FTK - Stok in het wiel?
Helaas wordt het FTK vaak aangewezen als ware het de oorzaak van veel problemen. Soms wordt de teneur gezet dat het FTK de dekkingsgraad onder druk zet, of dat het FTK pensioenfondsen dwingt de premies te verhogen. Het moge echter duidelijk zijn dat het FTK op zichzelf de risico´s slechts signaleert en niet veroorzaakt. Het maakt de risico´s zichtbaar en vraagt indien nodig om maatregelen.

De verslechterde positie van veel pensioenfondsen vindt zijn oorsprong in de jaren negentig. Allereerst werd eind jaren negentig op grote schaal overgegaan tot premieteruggaaf en het uitbreiden van rechten zonder dat daar, achteraf bezien, voldoende middelen tegenover stonden. Daarnaast werd de rente-mismatch tussen beleggingen en verplichtingen niet volledig zichtbaar in de ontwikkeling van de dekkingsgraad. En ten slotte ging de verschuiving van vastrentende waarden naar aandelen, die op zichzelf een verstandige ontwikkeling was, niet, of niet voldoende, gepaard met het opbouwen van op risico gebaseerde buffers.

Het is mijn indruk dat wanneer het FTK 15 jaar eerder zou zijn ingevoerd, we in de jaren negentig weliswaar een reductie zouden hebben gezien in de premielast, maar níet terecht zouden zijn gekomen in de situatie waarin we jarenlang miljarden minder premie hebben afgedragen dan de kostprijspremie, terwijl er niet altijd voldoende middelen waren voor geïndexeerde pensioenen. Het oude systeem fungeerde daardoor in de `booming' jaren negentig als een procyclische aanjager. Gelukkig bestaat er zoiets als voortschrijdend inzicht.

Ik zou willen benadrukken dat het succes van het FTK staat of valt met de reactie van de sector. Het is aan u, aan de pensioenfondsbestuurder en de sociale partners, om een passend antwoord te formuleren op de vragen die de maatschappelijke ontwikkelingen oproepen. Dat dit niet altijd even gemakkelijk is, besef ik ook. Het FTK helpt om de juiste vragen te stellen.

Kwaliteit
Recentelijk is er veel discussie over de invloed van pensioenpremies op de economische groei in Nederland. Tegenvallende consumentenbestedingen worden op het conto van de hoge pensioenpremies geschreven. Men stelt zich de vraag of de ´hoge´ veiligheidsnormen die door het FTK worden opgelegd niet verlaagd zouden moeten worden. Een lagere norm impliceert immers lagere kosten. De te hanteren wettelijke norm is een keuze die de politiek moet maken. Het moet echter ook een keuze zijn die de betrouwbaarheid van de pensioenen ten goede komt.

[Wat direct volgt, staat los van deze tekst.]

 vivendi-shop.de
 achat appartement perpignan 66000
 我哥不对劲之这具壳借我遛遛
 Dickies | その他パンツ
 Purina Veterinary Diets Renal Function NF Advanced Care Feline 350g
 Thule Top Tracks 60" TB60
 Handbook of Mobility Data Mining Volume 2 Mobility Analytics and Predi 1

Betrouwbaarheid is een belangrijk aspect van de kwaliteit van een pensioen. Hoe zeker ben je dat gedane beloftes ook zullen worden nagekomen? De wetgever zal in de komende pensioenwet een zekerheidsnorm stellen van 97,5%. Ofwel, de kans dat een pensioenfonds binnen 12 maanden met een dekkingstekort te maken krijgt, mag niet groter zijn dan 1 op 40. Deze zekerheidsnorm betekent concreet dat de gemiddelde werknemer minstens één keer in zijn leven met onderdekking zal kunnen worden geconfronteerd. Er bestaat dan een gerede kans dat er gedurende enige tijd bijvoorbeeld geen sprake zal kunnen zijn van indexatie teneinde onderdekking te redresseren. De keuze voor een bepaalde zekerheidsnorm is dus geen vrijblijvende zaak. Minder lasten voor actieven vandaag door door lagere zekerheidsnormen impliceren (hoe dan ook) hogere lasten in de toekomst. Deelnemers voelen het direct in hun portemonnee.

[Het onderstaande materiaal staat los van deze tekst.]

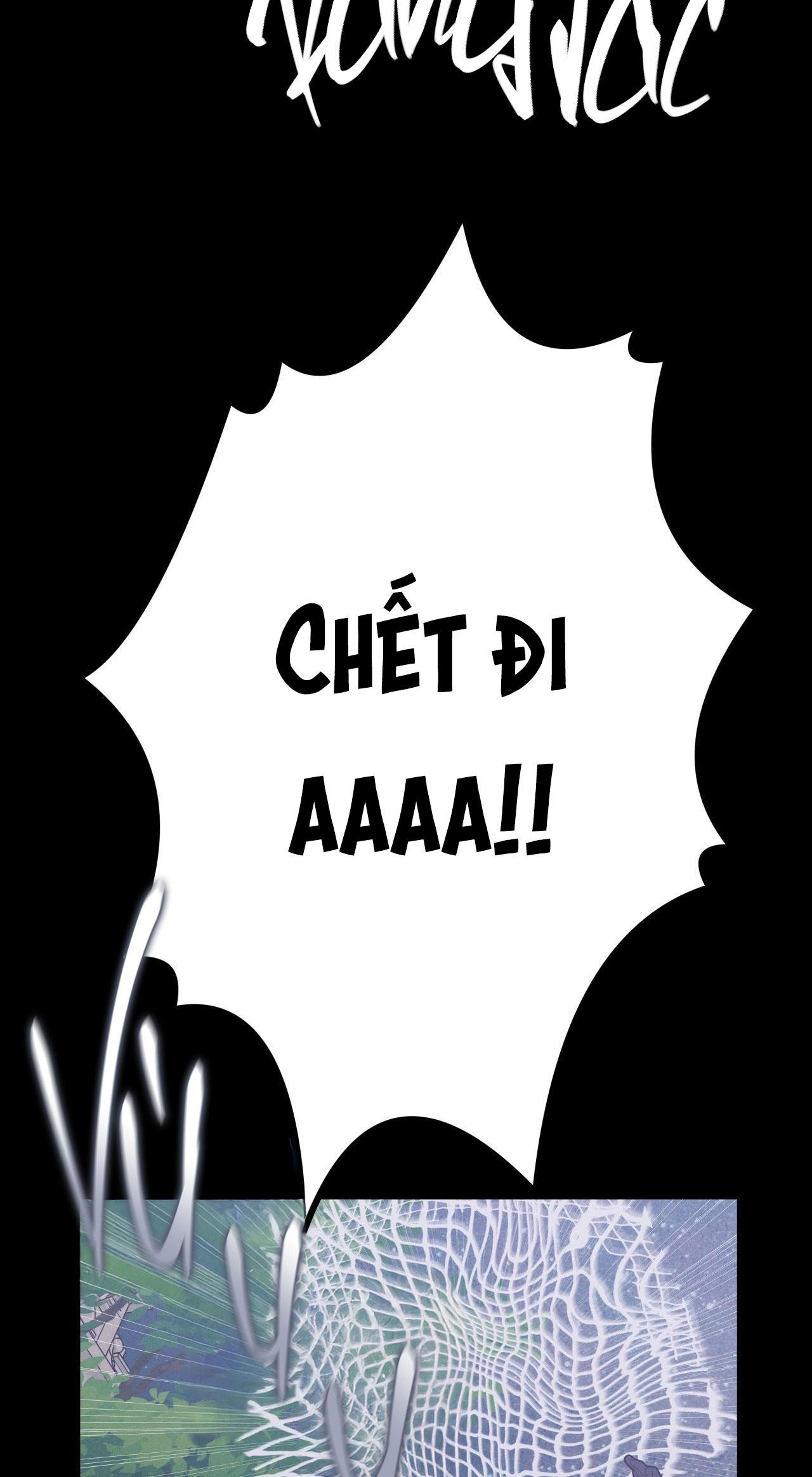 Đọc truyện ĐÁM CƯỚI TAI TIẾNG - Chapter 22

Al met al is met de 97,5% een evenwichtige keuze gemaakt. Overigens blijft staan dat, gegeven de gestelde normen, in het feitelijk toezicht elk pensioenfonds steeds op eigen merites moet worden bezien. (Welke premieflexibiliteit, welke regeling, welke sponsor, etc.)

De bovenstaande kijk op de kwaliteit van het pensioenstelsel zouden we kunnen duiden als een ´objectieve´ benadering. Het is een cijfermatige analyse op basis van statistische grondslagen. Kwaliteit heeft echter ook een ´zachtere´ kant. Minstens zo belangrijk voor de betrouwbaarheid van een pensioenfonds zijn namelijk de ´subjectieve´ verwachtingen van de deelnemers.

Transparantie
Transparantie is daarom één van de kernwoorden van het FTK. De invoering van de indexatiematrix zorgt bijvoorbeeld voor heldere communicatie over de ambities van pensioenfondsen. Er moet een consistent geheel bestaan tussen gewekte verwachtingen, financiering en het feitelijk toekennen van de voorwaardelijk aanspraken. Een kwalitatief goede regeling maakt duidelijk wat een deelnemer mag verwachten voor zijn oude dag.

Prijs versus kwaliteit
Daarmee is het FTK een duidelijke sprong voorwaarts voor de kwaliteitsbewaking van het pensioenstelsel. Door risico´s expliciet te modelleren, zekerheid te kwantificeren en door realistische verwachtingen voor het voetlicht te brengen, draagt het FTK bij aan het behoud van een duurzaam Nederlands pensioengebouw. Die houdbaarheid van het stelsel is waar het ons uiteindelijk om te doen is. Maar houdbaarheid is niet kwaliteit alleen. Het is eerder een combinatie van twee elementen: kwaliteit én prijs. Uiteindelijk hangt er ook een prijskaartje aan het pensioenstelsel.

Kostprijs
Een paar eenvoudige berekeningen illustreren dat de kostprijs van een modaal, geïndexeerd middelloon pensioen al snel oploopt tot meerdere jaarsalarissen. Uitgaande van enkele vereenvoudigde aannames kunnen we laten zien dat voor een dergelijk pensioen een premie benodigd is tussen, ruim gezet, 10% tot 20% van het salaris. En hoe lager de pensioengerechtigde leeftijd, hoe hoger de kosten. Gaat iemand met 62 in plaats van met 65 jaar met pensioen, dan wordt een pensioen met eenzelfde uitkering snel de helft duurder.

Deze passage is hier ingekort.